WORK ORDER: In the entries below, find the line containing "Image of Cusangel". Copy it and all lines after it, exactly, through the end.

Records drawn from a dataset:
#####

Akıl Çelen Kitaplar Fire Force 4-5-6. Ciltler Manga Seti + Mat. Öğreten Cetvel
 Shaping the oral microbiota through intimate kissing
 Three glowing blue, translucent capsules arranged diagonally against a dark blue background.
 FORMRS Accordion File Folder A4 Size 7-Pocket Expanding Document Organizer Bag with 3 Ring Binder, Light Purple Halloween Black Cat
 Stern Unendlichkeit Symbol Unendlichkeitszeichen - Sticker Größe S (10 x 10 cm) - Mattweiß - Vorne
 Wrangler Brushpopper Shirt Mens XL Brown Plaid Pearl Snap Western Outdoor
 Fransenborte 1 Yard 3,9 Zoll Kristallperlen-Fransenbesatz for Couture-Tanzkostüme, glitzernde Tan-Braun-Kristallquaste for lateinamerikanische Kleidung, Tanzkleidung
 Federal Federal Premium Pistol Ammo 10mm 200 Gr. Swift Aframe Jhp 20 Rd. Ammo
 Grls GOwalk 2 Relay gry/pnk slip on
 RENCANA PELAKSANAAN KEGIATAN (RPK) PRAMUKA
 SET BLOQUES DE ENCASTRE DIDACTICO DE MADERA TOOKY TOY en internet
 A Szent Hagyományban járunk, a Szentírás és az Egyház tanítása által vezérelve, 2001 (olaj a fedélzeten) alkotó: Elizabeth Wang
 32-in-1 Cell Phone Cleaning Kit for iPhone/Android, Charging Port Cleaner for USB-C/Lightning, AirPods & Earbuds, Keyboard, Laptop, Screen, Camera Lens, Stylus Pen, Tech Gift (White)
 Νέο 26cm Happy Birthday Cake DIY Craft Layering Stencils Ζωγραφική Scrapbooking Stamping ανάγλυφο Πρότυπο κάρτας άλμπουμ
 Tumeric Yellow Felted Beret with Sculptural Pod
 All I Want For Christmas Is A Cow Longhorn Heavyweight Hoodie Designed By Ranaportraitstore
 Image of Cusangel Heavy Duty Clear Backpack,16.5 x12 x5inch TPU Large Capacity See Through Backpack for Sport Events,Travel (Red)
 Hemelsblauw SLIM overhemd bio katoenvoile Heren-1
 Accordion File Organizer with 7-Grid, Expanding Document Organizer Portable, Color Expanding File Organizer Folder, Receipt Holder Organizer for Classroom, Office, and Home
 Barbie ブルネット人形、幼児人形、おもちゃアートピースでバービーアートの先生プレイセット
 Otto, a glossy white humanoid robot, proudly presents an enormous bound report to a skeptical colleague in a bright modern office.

#####

SOLUTION FOR THIS TASK:
 Image of Cusangel Heavy Duty Clear Backpack,16.5 x12 x5inch TPU Large Capacity See Through Backpack for Sport Events,Travel (Red)
 Hemelsblauw SLIM overhemd bio katoenvoile Heren-1
 Accordion File Organizer with 7-Grid, Expanding Document Organizer Portable, Color Expanding File Organizer Folder, Receipt Holder Organizer for Classroom, Office, and Home
 Barbie ブルネット人形、幼児人形、おもちゃアートピースでバービーアートの先生プレイセット
 Otto, a glossy white humanoid robot, proudly presents an enormous bound report to a skeptical colleague in a bright modern office.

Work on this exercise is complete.